Cehm’den ve onun Cebriyeci taraftarlarından, onların insanın bütün fiillerinin aynı olduğunu ileri sürdükleri rivayet edilmiştir. Bu, fasitliği açık olan bir görüştür. Oysa iki grup insan arasındaki farka bağlı olarak fiiller de ihtiyari, isteğe bağlı ve ıztarari, istem dışı diye iki kısma ayrılır. Bunlardan seçebilenler emir ve yasaklamalara muhataptırlar. Hiçbir şeriatta ve hikmet sahibi hiçbir insanın kelâmında körlere mushaftaki yazılara noktalama işaretlerini koymaları emredilmez. Ya da yatalak kimseye giyinip kuşanmasının yahut sıtma nöbetine tutan kimsenin hareketsiz kalmasının emredildiği görülmüş değildir. vs...

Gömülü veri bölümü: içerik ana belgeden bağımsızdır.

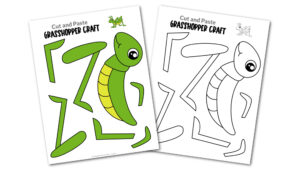 Free Printable Grasshopper Craft for kids, preschoolers and toddlers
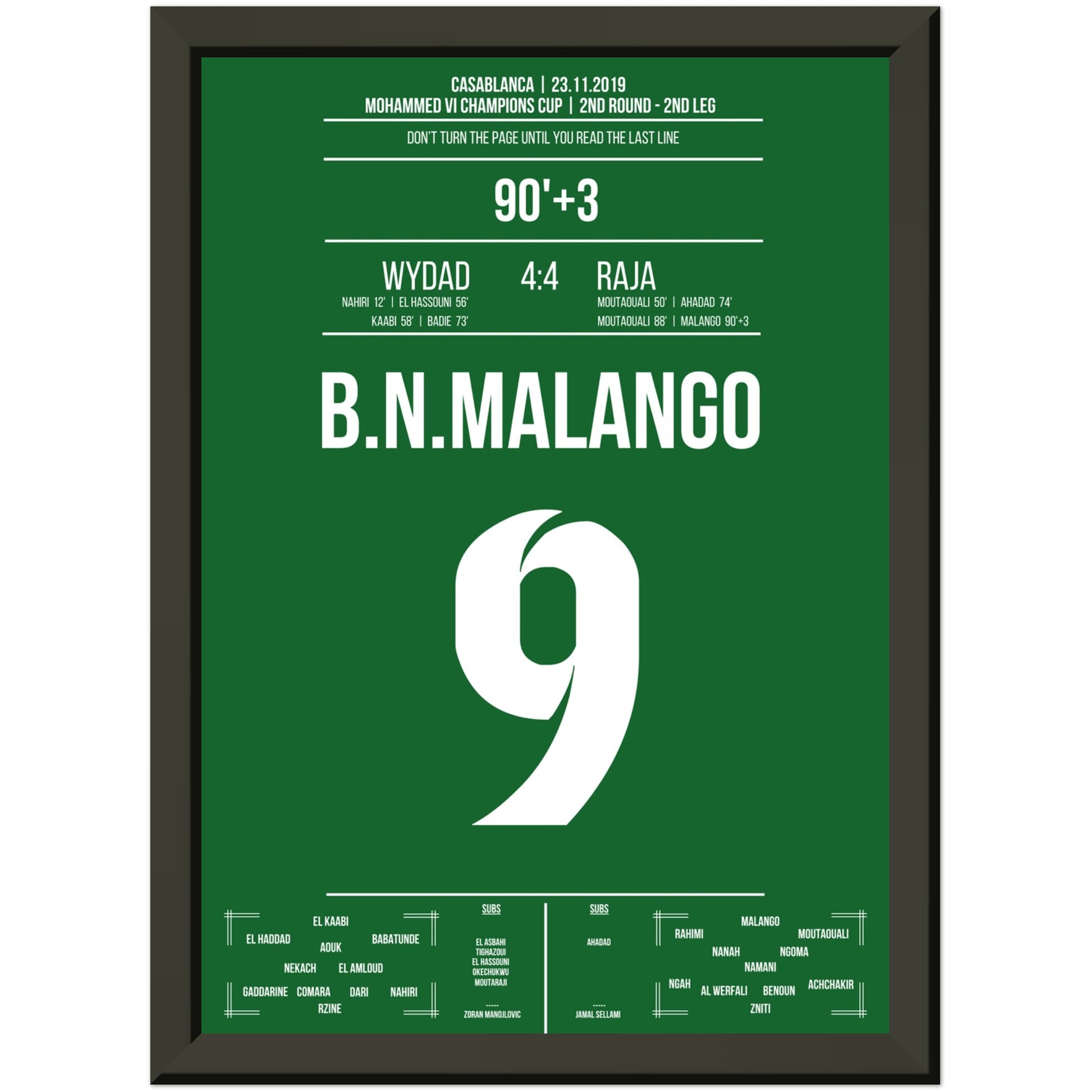 Raja's verrückte Aufholjagd im Derby gegen Wydad in 2019 A4-21x29.7-cm-8x12-Schwarzer-Aluminiumrahmen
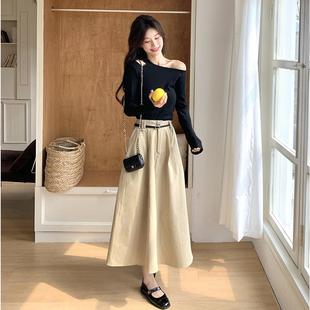 减龄搭适设计感露半裙套 两件套B157FN90年新舒款 肩套装 女百春秋装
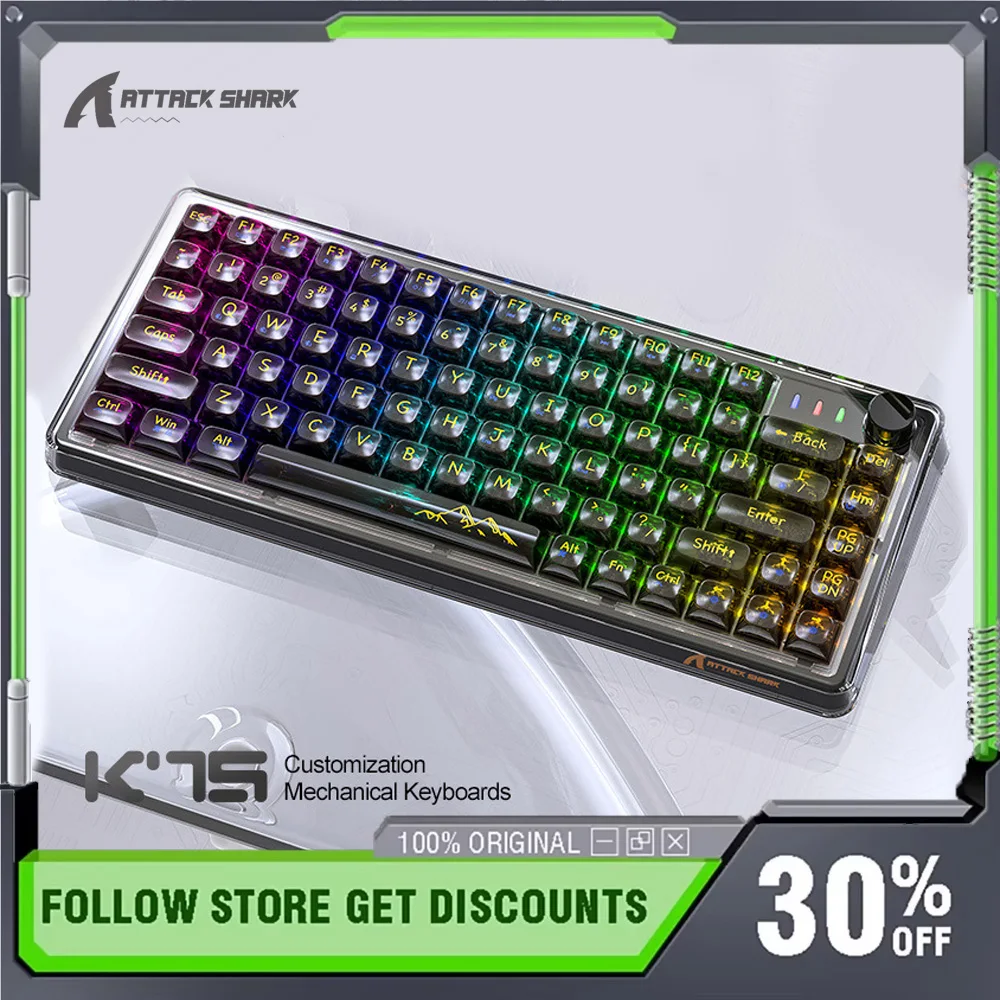 

Attack Shark K75 Wireless Mechanical Keyboard Tri-Mode Hot Swappable Gasket RGB E-sports Gaming 81keys Customized Keyboard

Gerçi bunun aklen veya işitsel olarak caiz olup olmadığı hususunda ihtilaf vardır. Ancak bütün gruplardan olmak üzere akıl sahiplerinin icmaıyla böyle bir şeyin imkânsız olduğu ifade edilmiştir.

Eğer:

“Diyelim ki, benim istediğim ve seçtiğim fiilim, benim iradem ve isteğimle gerçekleşti; peki bu istek ve irade Allah’ın yarattığı bir şey değil midir?

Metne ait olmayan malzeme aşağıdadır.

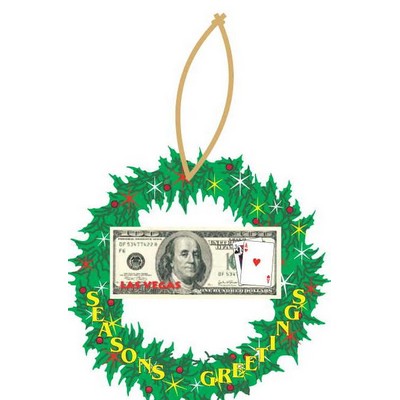 LV Blackjack $100 Bill Wreath Ornament w/ Clear Mirrored Back (6 Square Inch)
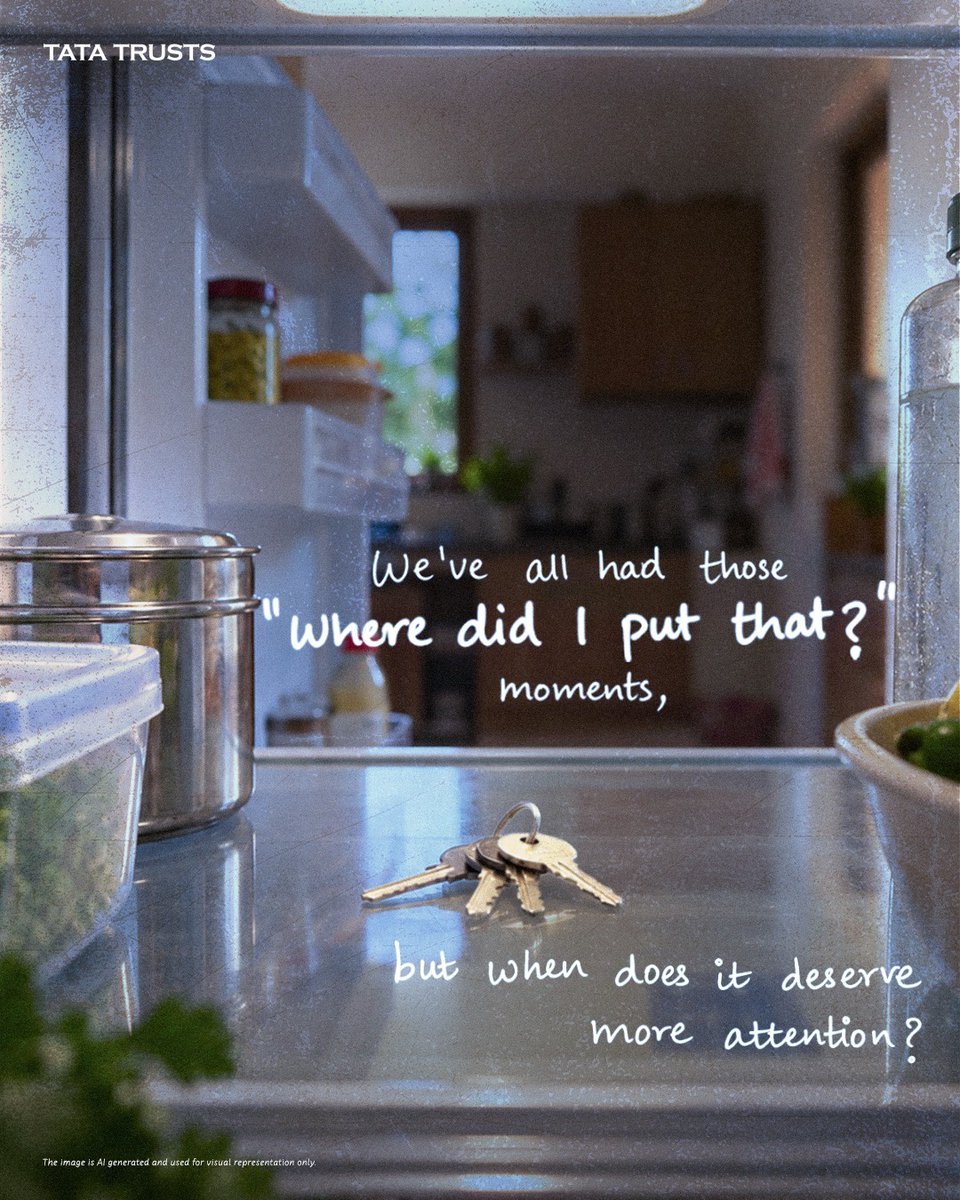 tatatrusts's tweet photo. House keys in the fridge?

We might laugh about it and move on. But when moments like these begin happening more often, they may be more than an occasional lapse in memory.

Dementia affects more than memory. It can influence how a person communicates, makes decisions, and manages everyday life. Recognising these changes can help families understand what is happening and seek support early.

Through Vajood Rahe Maujood, the Tata Trusts invite you to look beyond the laughter and listen to what these little moments may be telling us. To know more, visit: https://t.co/2KnzcsREo8

#VajoodRaheMaujood #DementiaAwareness #WorldAlzheimersMonth #TataTrusts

Allah fiili işlemeyi gerektiren bir şeyi yarattığı zaman, böyle bir fiili terk etme durumu da beraberinde söz konusu olabilir mi?” denilse, bu konuyla ilgili olarak şunu anlatırız:

Birinci kısımdaki hususlar kulun iradesinin aracılığı söz konusu olmayan cebirdir. İkinci kısımdaki hususlarda ise, kulun iradesinin aracılığında bir cebir söz konusudur.

Bunu açacak olursak. Şunu söyleriz:

Olumsuzlanan cebir, açıkladığımız gibi, birinci kısımdır. İkinci kısım cebri olumlamamıza gelince, sünnet ve hadis ehli nezdinde bunda kuşku yoktur. Akıl ve basiret sahipleri de bunu kabul ederler. Fakat, birinci kısım cebirle karışmasın diye buna cebir adı verilmez. İnsanların akıllarına erhal cebir olgusunun uyanacak olmasından kaçınmak için böyle bir isimlendirme tercih edilmez. Karışma ihtimali ortadan kalkınca ve ilmi meseleler iyice oturunca belki buna da cebir denebilir. Hz. Ali (r.a) peygamberimize (s.a.v.) salat okumak maksadıyla söylediği meşhur dualarından birinde şöyle diyor:

“Yayılan şeyleri yayan, uzayan şeyleri uzatan, kalpleri fıtratları üzere, mutlu veya mutsuz olarak şekillendirip yönlendiren Allahım!”

Hz. Alinin (r.a) bu sözlerinden de anlaşılacağı üzere, yüce Allah, kalpleri yaratılışlarında esas olan bedbahtlık veya mutluluk üzere şekillendirir. Bu, ikinci fıtrattır, birinci fıtrat değil.

“Her çocuk fıtrat üzere doğar.” (Buhari, Cenaiz, 92; Ebu Davud, Sünne, 17; Ahmed, 2/275) hadisinin, biri birinci fıtrat, diğeri de ikinci fıtrat esasında olmak üzere iki açıklaması var.

Birinci fıtrat esasındaki açıklaması açıktır. Bunu Muhammed b. Kab el-Kurazi söylemiştir. El-Kurazi, Medineli tabiinlerin faziletlilerinden ve eşraftan biridir. Bazıları, tabbinlerin en üstünlerinden olduğunu söylemişlerdir. O, el-Cebbar sözüyle ilgili olarak şöyle demiştir:

Kulları dilediği gibi şekillendirir. Bu görüş başkalarından da rivayet edilmiştir. Kur’an ve hadisten de buna ilişkin tanıklar bulmak mümkündür. İleri görüşlü ve eksiksiz kanıtlara dayalı olarak meseleleri sonuca bağlayan bilginler de, yüce Allah’ın, kulların kalplerini istediği gibi döndürdüğü, onları çevirdiği, onlara günahlarını ve sakınmalarını ilham ettiği, bir göz açıp kapama anı kadar kısa bir süre içinde, üstün iradeli ve hikmet sahibi Allah katında bilginlerin kalplerine kesin ayırıcı hükmün indiği gerçeğini dile getirmişlerdir. Bu bilginler, bedendeki organların kendi lehlerine ve aleyhlerine verilen hükümleri algılayışlarını son derece çarpıcı ifadelerle açıklamışlardır. Ancak Allah’ın gözlerini kör, basiretlerini bağladığı kimseler başka.